Mr Ward said: “I have evidence of an email to the DfE which has been amended by Mr Lewis so that it now shows him as the chair of the governing body.”

He also referred to a DfE letter he had seen which he claimed shows Mr Lewis was the “key individual” for receiving financial reports about the school. Commenting on the DfE’s official position, he said: “How on earth can the DfE have mistakenly believed a vice chair of the Conservative Party was chairman of governors for 12 months?”

During the debate George Galloway, the Respect MP for Bradford West, suggested Mr Gove could not come clean about what was happening at the school for “party political reasons”. Speaking to Mr Ward he said: “The more that you speak the more I am bound, I think, to ask you if you agree with me that it’s already obvious that the nub of this question is that Alan Lewis is a very senior member of the Conservative Party and that the Secretary of State for Education simply could not, for party political reasons, come clean with the people of Bradford and MPs on this matter.”

Mr Ward replied: “It’s an excellent point because all the way through this you have to ask ‘why?’ There must have been a justification for the cover-up and it can only have been two things, really – because this was such a flagship policy for the Conservative Party that they couldn’t afford the embarrassment or secondly because of Alan Lewis’s involvement and his association with the Tory Party.”

The Lib Dem MP also asked why the school’s principal Sajid Raza had been allowed to remain in post after the DfE’s audit.

Criticising the DfE’s handling of the case Mr Ward highlighted a Yorkshire Post exclusive which showed that after the DfE reported the matter to national fraud centre Action Fraud, it was told in an update the matter was only being dealt with as an information report.
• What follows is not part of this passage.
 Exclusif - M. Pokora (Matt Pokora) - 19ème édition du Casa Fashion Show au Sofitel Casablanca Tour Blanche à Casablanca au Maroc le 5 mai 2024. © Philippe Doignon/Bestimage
The DfE were also told it would not be investigated by police unless it was reported as a crime. Seven weeks later, however, when the DfE investigation was leaked, the department put out a statement which said police had been informed and decided no further action was necessary. It then came to light a week later that Action Fraud had wrongly record the matter as an information report. West Yorkshire Police are now investigating and Mr Raza has been arrested and released on bail.

Schools Minister David Laws said when the matter was reported to Action Fraud, the DfE also contacted West Yorkshire Police to check it had reported the matter properly, saying if there had been an attempt to cover up matters that second call would have been unlikely to have happened. He praised the school’s current chairman of governors John Bowers, who was appointed after irregularities came to light, for his work improving governance. Mr Laws also said the cost of the lease on the school site was set after an independent valuation.